### What to do
Exactly as written, output the lines below starting from the first and ending with the line that contains "4576 30th Avenue Vero Beach FL 32967"; omit pictures.

### Exercise material

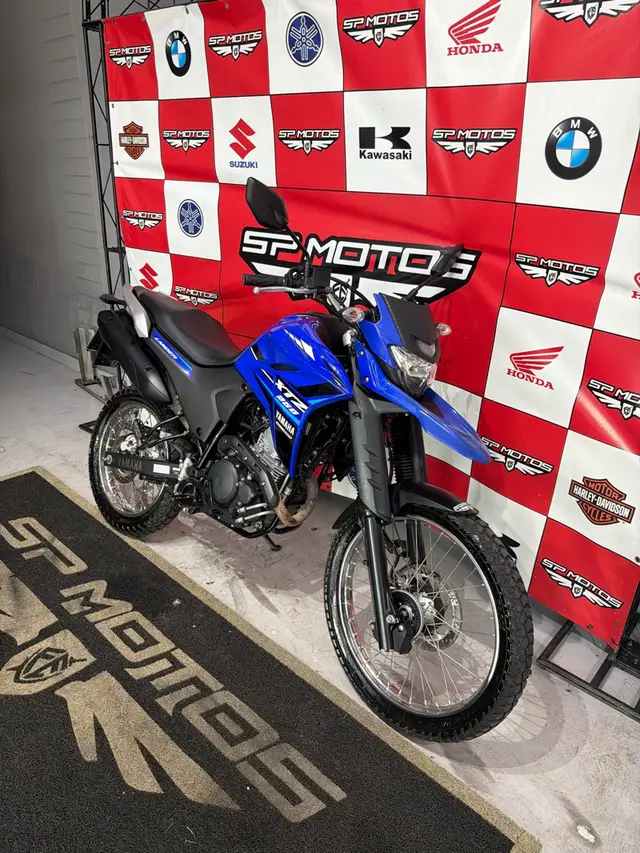 Moto Yamaha XTZ 250 Lander 2023 ABS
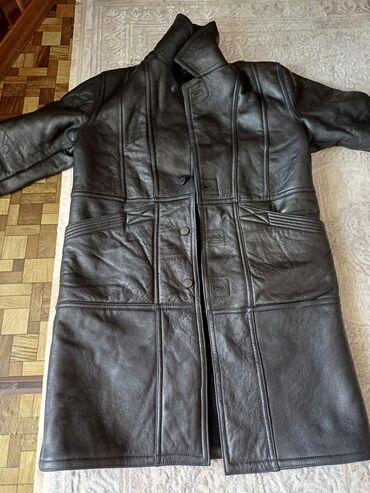 классические куртки: Продаётся дублёнка в отличном состоянии прошу по 6000 сом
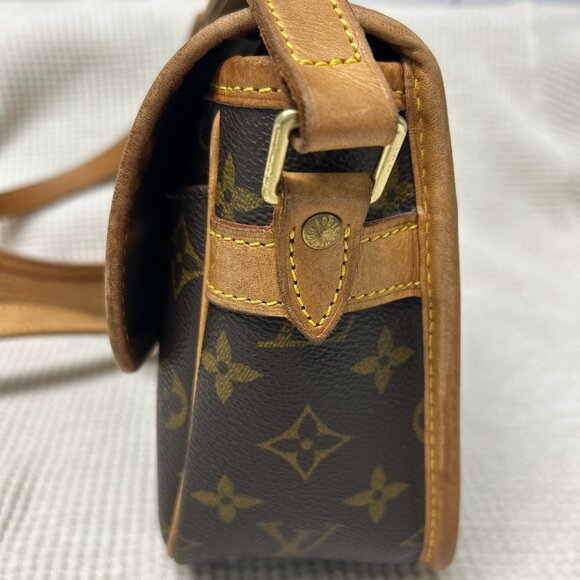 Authentic 2000 Louis Vuitton Monogram Sologne - Picture 4 of 10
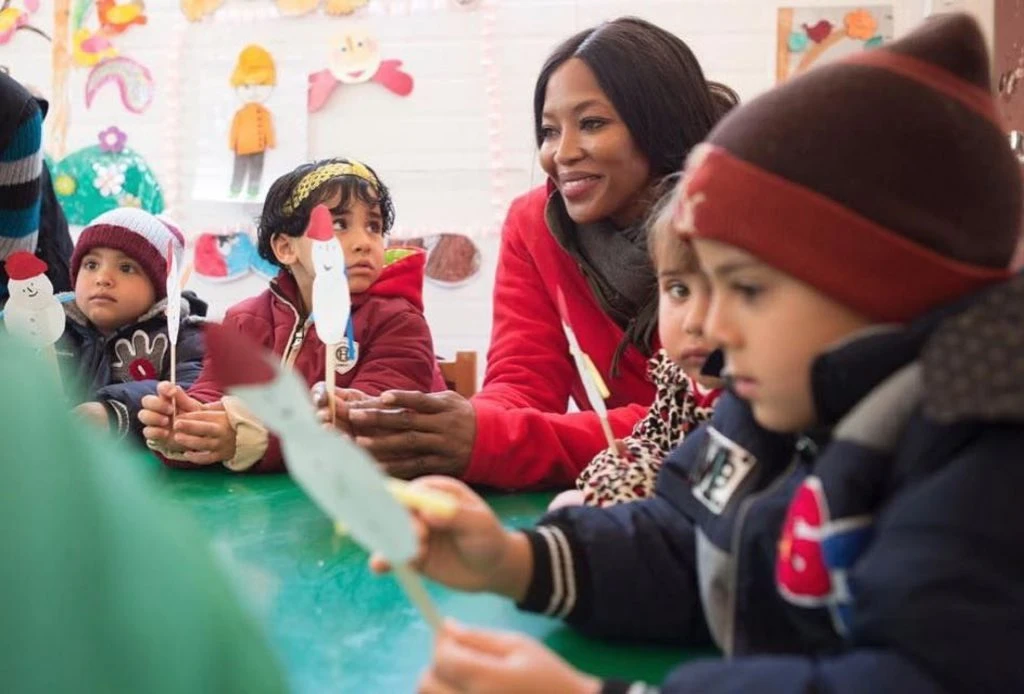 Naomi Campbell actividad solidaria niños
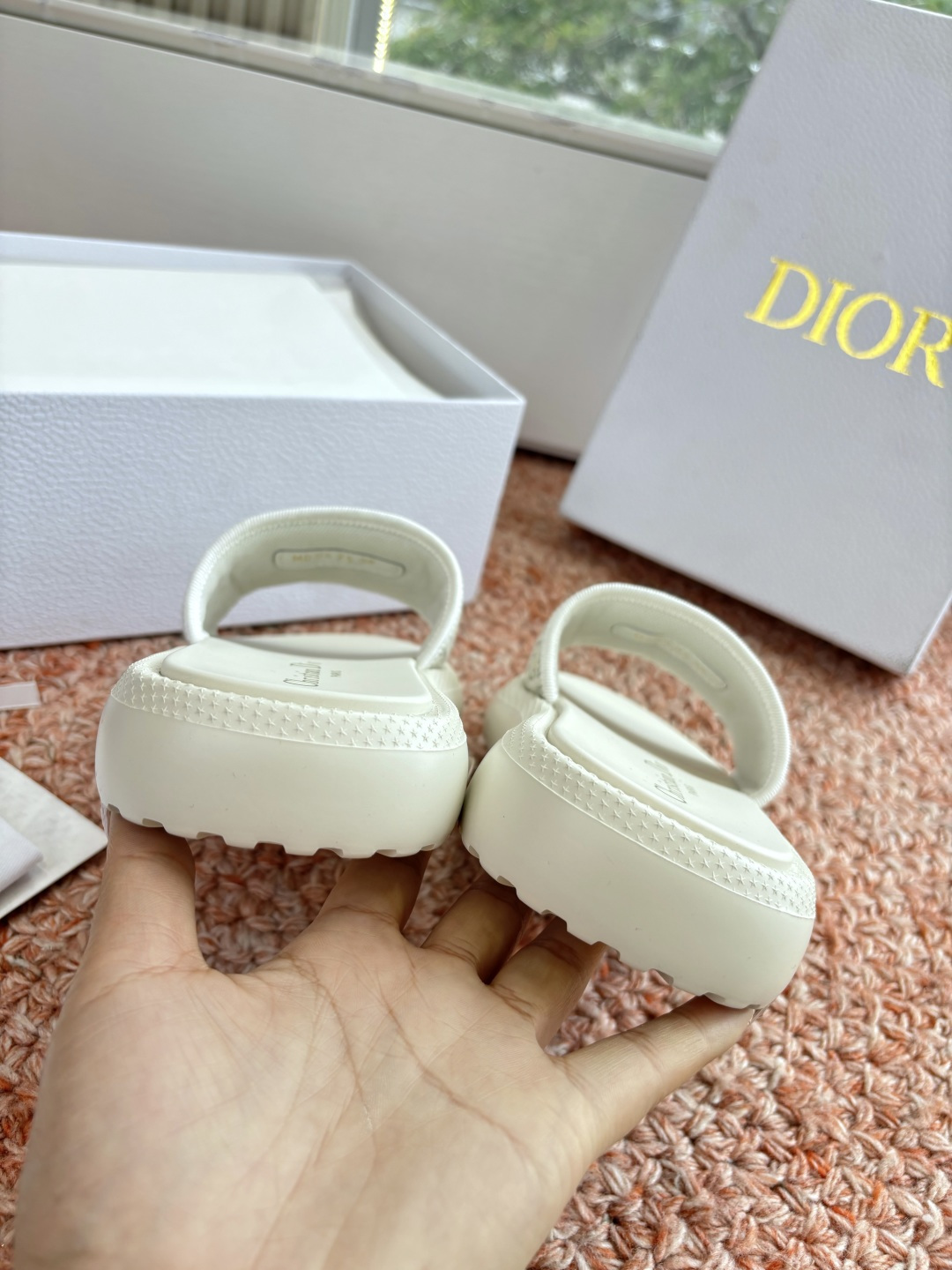 🌾代购级G133𝐃𝐢𝐎𝐑 #迪奥2026早春新款一眼就想要的一字带拖鞋凉鞋简单大方‘低调奢华！配上醒目的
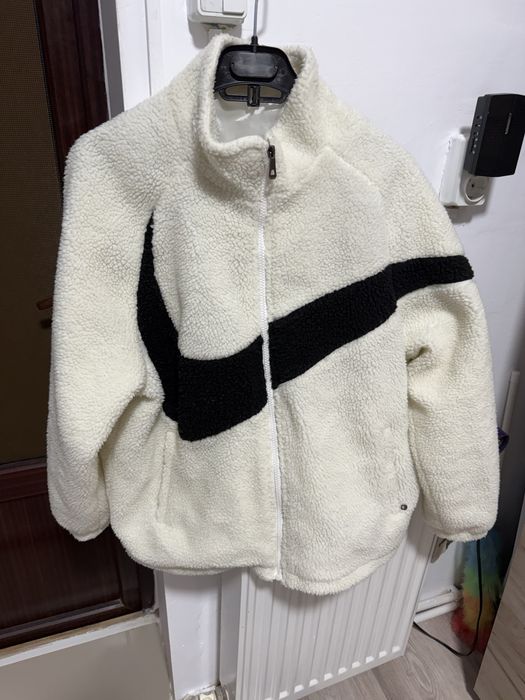 Bluza nike model foarte frumos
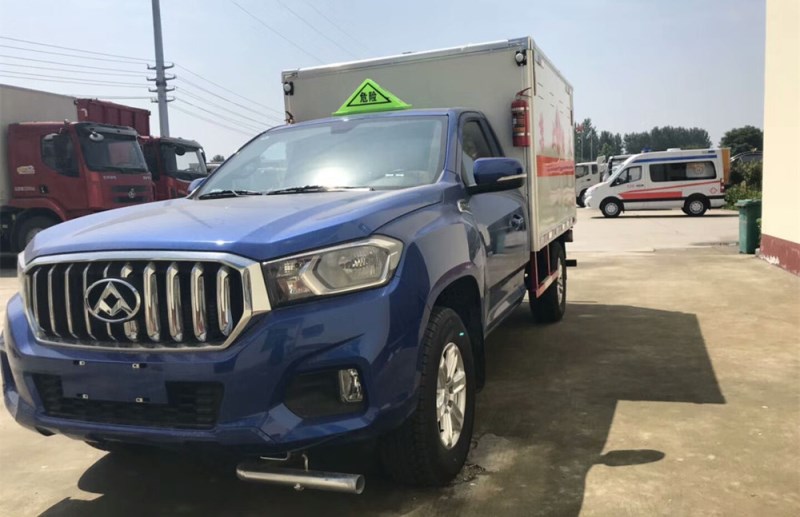 大通柴油四驅皮卡爆破器材車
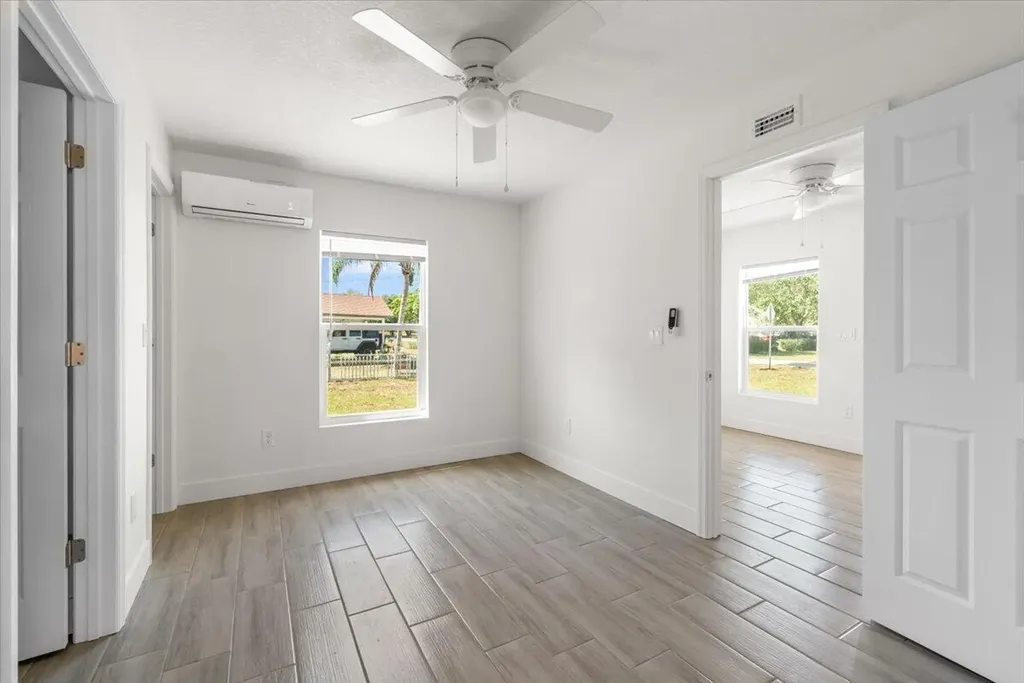 4576 30th Avenue Vero Beach FL 32967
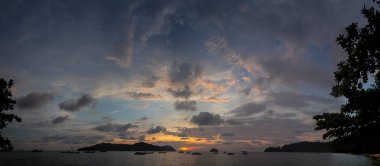 Panorama günbatımı gökyüzü okyanus Tayland sahil
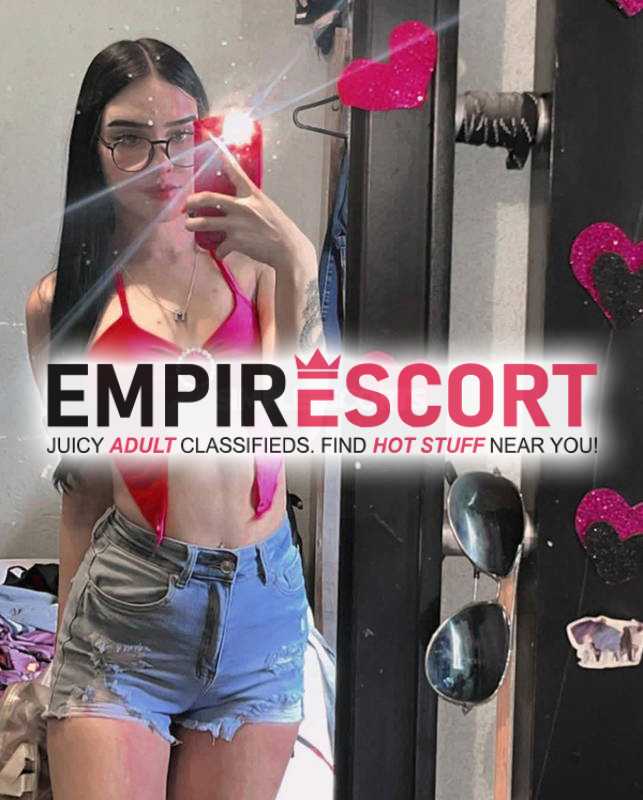atractiva chica muy caliente en cama para satisfacer tus fantasías sexuales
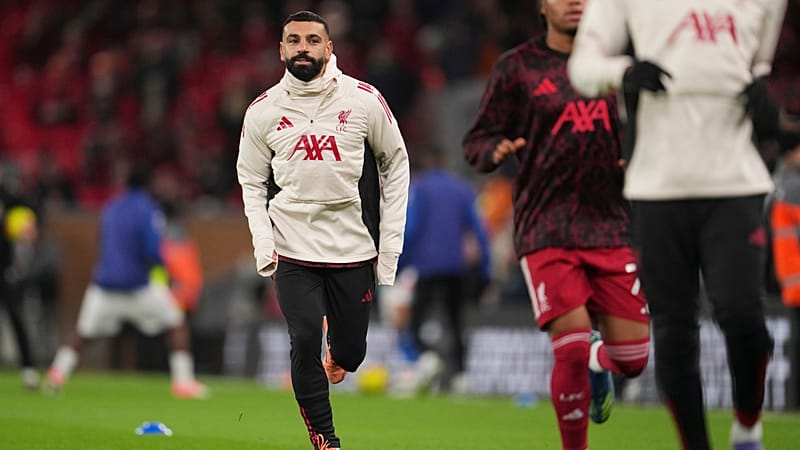 Video thumbnail for Mohamed Salah says he's been 'thrown under the bus' by Liverpool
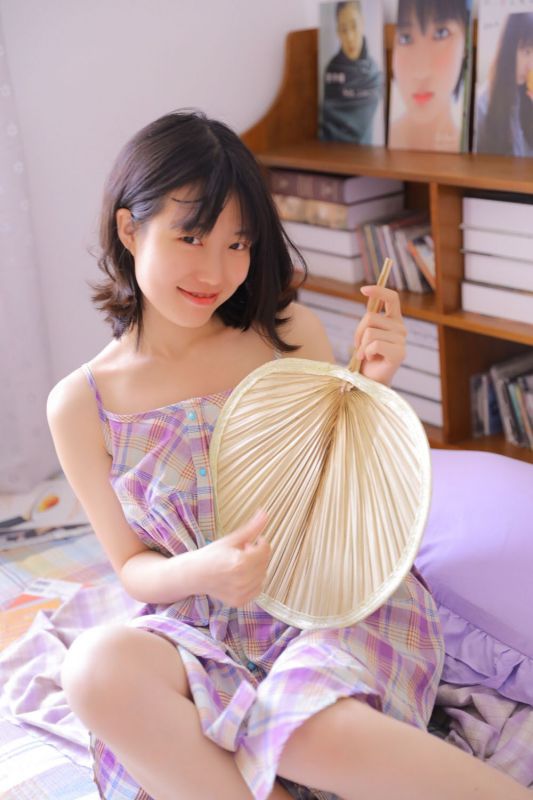 短发小纯爱少女模特日系清新摄影美腿性感写真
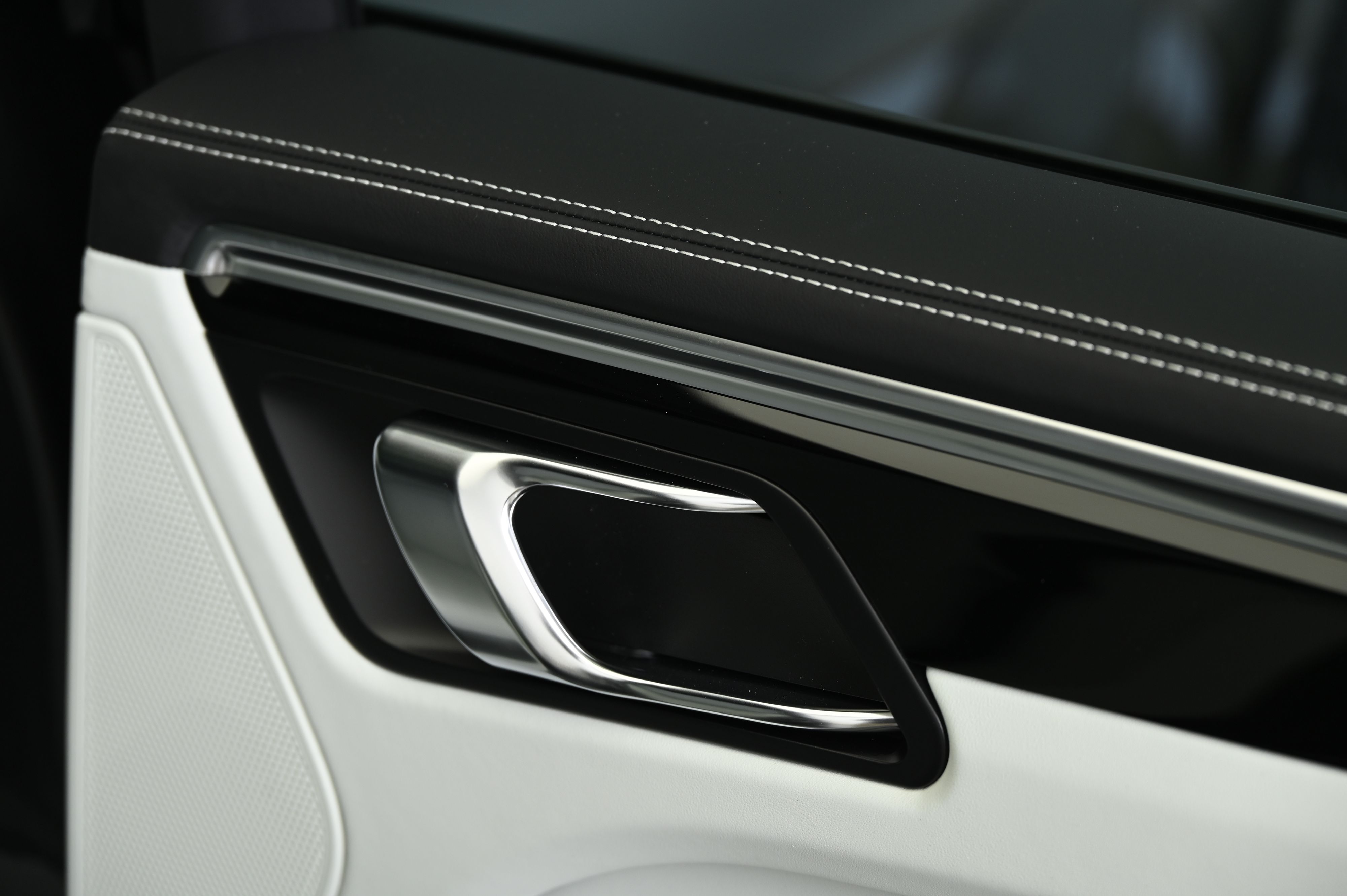 Thumbnail: 2025 Porsche Macan - 23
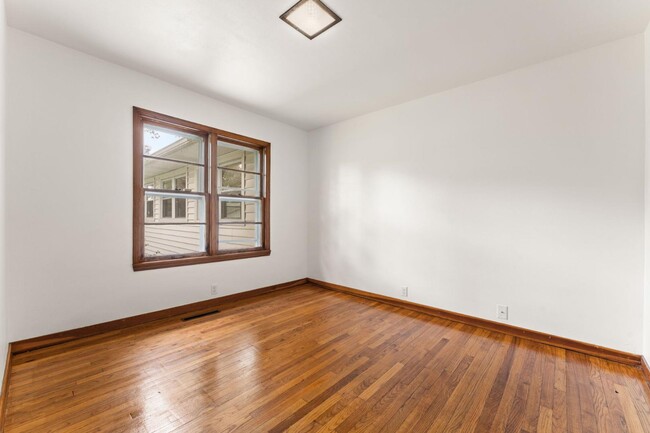Building Photo - 251 E 600 N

### Response area
 Moto Yamaha XTZ 250 Lander 2023 ABS
 классические куртки: Продаётся дублёнка в отличном состоянии прошу по 6000 сом
 Authentic 2000 Louis Vuitton Monogram Sologne - Picture 4 of 10
 Naomi Campbell actividad solidaria niños
 🌾代购级G133𝐃𝐢𝐎𝐑 #迪奥2026早春新款一眼就想要的一字带拖鞋凉鞋简单大方‘低调奢华！配上醒目的
 Bluza nike model foarte frumos
 大通柴油四驅皮卡爆破器材車
 4576 30th Avenue Vero Beach FL 32967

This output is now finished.